“O Combate Civilizacional
pelos Livros e pela Leitura” – por José Pacheco Pereira, in Jornal Público, 3 de Março de 2018
O problema é
o mito perigoso de que a “leitura”, mesmo numa forma diferente, está a emigrar
de um meio para outro, porque não está.
“Estas últimas semanas passei pelos restos de um mundo que foi o
meu, mas que está a acabar. A Livraria Leitura no Porto acabou.

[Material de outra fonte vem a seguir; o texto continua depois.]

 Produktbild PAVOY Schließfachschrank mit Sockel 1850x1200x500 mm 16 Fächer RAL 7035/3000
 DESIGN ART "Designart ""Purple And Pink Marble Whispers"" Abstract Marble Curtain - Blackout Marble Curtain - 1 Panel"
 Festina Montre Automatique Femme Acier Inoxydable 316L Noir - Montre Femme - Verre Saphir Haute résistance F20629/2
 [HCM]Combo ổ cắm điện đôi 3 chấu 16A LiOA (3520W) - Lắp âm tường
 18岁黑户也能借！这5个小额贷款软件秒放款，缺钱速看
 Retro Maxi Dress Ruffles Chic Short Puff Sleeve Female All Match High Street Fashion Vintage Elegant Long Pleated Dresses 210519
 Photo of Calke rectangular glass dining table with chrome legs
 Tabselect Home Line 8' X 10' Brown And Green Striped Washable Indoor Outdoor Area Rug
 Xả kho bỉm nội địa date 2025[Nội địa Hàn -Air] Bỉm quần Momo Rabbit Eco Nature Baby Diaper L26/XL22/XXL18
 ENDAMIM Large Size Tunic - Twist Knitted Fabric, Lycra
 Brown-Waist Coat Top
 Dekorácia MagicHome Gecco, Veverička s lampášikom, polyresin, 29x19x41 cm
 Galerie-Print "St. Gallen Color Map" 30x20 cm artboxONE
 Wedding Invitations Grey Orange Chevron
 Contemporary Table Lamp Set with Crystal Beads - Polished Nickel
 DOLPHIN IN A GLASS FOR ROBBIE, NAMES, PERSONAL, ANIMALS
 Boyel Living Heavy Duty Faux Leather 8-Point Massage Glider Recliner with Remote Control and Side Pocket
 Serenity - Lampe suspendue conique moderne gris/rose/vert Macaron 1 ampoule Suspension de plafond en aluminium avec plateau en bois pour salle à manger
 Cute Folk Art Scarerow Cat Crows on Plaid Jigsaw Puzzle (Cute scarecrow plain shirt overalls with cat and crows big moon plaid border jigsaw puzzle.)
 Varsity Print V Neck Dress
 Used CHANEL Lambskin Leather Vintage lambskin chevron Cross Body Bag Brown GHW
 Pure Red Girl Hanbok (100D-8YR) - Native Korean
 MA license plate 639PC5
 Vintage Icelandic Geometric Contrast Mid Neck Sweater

Era seu
frequentador desde os tempos em que era Divulgação e tinha a loja da esquina da
Rua de Ceuta e a outra que depois foi dos Livros do Brasil e o seu livreiro era
Fernando Fernandes, juntamente com o editor José Carvalho Branco. Não era
difícil perceber, nos últimos anos, a sua agonia para quem, como eu, já viu
muitas livrarias moribundas. O stock começa a não ser renovado, as
estantes têm quase sempre os mesmos livros, as novidades começam a ser sempre
as mesmas de todas as livrarias, até que começam também a desaparecer. Não há
dinheiro para diversificar as encomendas ou as compras e isso na Leitura era
uma ruptura com a prática de Fernando Fernandes de encomendar sempre dois
exemplares dos livros que os professores da Universidade do Porto mandavam vir,
um para eles e outro para a livraria. Deixou há muitos anos de haver a Galeria
de Arte. Pouco a pouco fechou a secção de livros artísticos, desapareceram
muitos livros estrangeiros e sobravam os chamados “monos”, mesmo assim aqueles
em que ainda ia descobrindo livros para comprar. Havia uns restos de filosofia,
alguns livros de história, e para os professores uma boa secção de pedagogia.
As montras pareciam sempre iguais e os esforços dos empregados, e dos clientes
fiéis que ficaram até ao fim, não chegavam para dar vida ao espaço. Quem queria
apresentar novos livros rumava para outros locais menos fúnebres. E, mesmo no
anúncio da sua morte, alguns dos artigos jornalísticos publicados eram tão
estereotipados e pobres, que era fácil perceber que havia uma ruptura da
memória do papel da Leitura no Porto, desde os tempos da resistência, nessa rua
emblemática onde havia tertúlias no Café Ceuta dos oposicionistas do Porto,
onde vários destacados membros da oposição à ditadura viviam ou tinham os seus
escritórios profissionais. Foi na Leitura (e na Divulgação) que vi muitas
exposições, recordo-me de uma de Tapiés, escrevi textos para alguns dos
catálogos, conheci Francisco Sá Carneiro e vi pela única vez Aquilino Ribeiro.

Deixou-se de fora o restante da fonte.